Мистер Перси-старший довольно долго пробыл наверху и почти оглох от воплей леди Луизы, поэтому решил для разнообразия спуститься в гостиную и попросить дочь, чтобы та сыграла ему на фортепьяно. Гостиная была маленькая и уютная. Свечи не горели, мебель мягко поблескивала в отсветах пылающего камина. Впрочем, в комнате не было ни души. Мистер Перси с явным неудовольствием оглядел пустующий диван, свободное кресло и умолкнувший инструмент. Он не стал бы звонить в колокольчик и справляться об отсутствующей особе, но тут вошел слуга с четырьмя восковыми свечами, и граф осведомился, где мисс Вернон. Лакей ответил, что не знает, но она, вероятно, уже легла: он слышал, как мадемуазель Туке говорила, что барышню утомили сборы.

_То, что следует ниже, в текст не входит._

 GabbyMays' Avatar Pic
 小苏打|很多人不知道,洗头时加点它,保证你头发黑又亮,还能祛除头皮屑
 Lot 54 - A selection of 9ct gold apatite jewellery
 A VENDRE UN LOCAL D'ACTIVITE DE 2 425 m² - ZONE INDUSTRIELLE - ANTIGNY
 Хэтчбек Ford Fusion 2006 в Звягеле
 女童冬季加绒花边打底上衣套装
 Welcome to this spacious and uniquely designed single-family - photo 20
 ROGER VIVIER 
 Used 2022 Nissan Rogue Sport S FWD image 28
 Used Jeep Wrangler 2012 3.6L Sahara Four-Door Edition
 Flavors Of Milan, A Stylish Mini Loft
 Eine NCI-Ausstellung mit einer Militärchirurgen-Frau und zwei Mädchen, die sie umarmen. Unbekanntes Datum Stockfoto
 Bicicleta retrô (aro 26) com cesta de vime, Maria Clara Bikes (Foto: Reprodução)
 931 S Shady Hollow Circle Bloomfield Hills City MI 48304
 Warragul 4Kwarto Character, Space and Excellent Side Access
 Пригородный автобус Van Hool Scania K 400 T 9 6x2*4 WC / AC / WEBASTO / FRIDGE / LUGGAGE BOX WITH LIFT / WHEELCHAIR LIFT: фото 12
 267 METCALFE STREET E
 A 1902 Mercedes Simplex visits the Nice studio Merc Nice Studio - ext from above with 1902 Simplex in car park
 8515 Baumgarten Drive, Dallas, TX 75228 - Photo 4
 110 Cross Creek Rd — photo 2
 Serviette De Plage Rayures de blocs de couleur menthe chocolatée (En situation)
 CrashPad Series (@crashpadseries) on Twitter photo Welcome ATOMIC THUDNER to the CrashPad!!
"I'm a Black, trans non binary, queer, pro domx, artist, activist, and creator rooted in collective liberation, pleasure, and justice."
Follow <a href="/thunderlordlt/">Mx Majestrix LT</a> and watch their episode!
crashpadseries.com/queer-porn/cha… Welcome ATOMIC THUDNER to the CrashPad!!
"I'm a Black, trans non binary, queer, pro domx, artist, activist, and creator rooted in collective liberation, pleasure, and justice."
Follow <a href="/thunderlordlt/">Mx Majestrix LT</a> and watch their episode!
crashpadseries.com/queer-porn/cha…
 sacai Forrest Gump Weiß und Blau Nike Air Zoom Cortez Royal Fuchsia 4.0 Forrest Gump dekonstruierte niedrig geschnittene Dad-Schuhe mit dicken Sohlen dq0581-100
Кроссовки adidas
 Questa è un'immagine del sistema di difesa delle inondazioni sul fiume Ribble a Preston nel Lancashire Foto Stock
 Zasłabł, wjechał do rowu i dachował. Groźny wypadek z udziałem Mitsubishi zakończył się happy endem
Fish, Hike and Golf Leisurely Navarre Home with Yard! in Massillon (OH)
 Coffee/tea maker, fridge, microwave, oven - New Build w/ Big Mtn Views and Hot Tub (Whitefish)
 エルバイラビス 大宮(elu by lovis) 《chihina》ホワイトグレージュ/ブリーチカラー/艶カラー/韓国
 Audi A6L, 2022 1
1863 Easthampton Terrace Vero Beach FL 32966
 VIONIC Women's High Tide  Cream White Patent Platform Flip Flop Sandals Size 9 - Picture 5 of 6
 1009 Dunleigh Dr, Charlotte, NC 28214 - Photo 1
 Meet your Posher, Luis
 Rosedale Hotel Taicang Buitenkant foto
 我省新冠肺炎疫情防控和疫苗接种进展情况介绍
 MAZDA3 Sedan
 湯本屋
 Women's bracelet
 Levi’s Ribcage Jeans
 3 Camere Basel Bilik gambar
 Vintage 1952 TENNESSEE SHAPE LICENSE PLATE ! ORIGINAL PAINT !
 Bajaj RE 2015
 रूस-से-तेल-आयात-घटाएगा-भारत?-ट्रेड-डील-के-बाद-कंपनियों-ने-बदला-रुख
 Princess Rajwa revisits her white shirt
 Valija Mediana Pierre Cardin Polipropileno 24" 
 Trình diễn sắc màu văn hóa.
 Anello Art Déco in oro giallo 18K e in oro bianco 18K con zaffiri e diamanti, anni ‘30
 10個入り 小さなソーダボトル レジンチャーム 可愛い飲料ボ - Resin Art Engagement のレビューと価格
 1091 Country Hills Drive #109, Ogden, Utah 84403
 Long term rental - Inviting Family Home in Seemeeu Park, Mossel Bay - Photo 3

Мистер Перси немного постоял в гостиной, затем вышел в коридор, взял шляпу и безмятежно выступил в сад. В юности мистер Перси был очень поэтичен. Соответственно его наверняка бесконечно умилил покой летней ночи, темная безоблачная синь и булавочные головки звезд, усеявших ее, словно рой мошек. Наверняка это все смягчило его дух, а уж тем более — полная луна, которая поднялась уже довольно высоко и смотрела на мистера Перси, стоящего в дверях, словно приняла его за Эндимиона.
Мистеру Перси, впрочем, нечего было ей сказать. Он, еще ниже опустив шляпу на глаза, беспечно двинулся тропинкою своей средь цветов и деревьев сада и уже приближался к нижней аллее, когда услышал, что кто-то разговаривает. Голос доносился из укромного уголка, где ветви сплетались наподобие беседки и под ними стояла скамейка.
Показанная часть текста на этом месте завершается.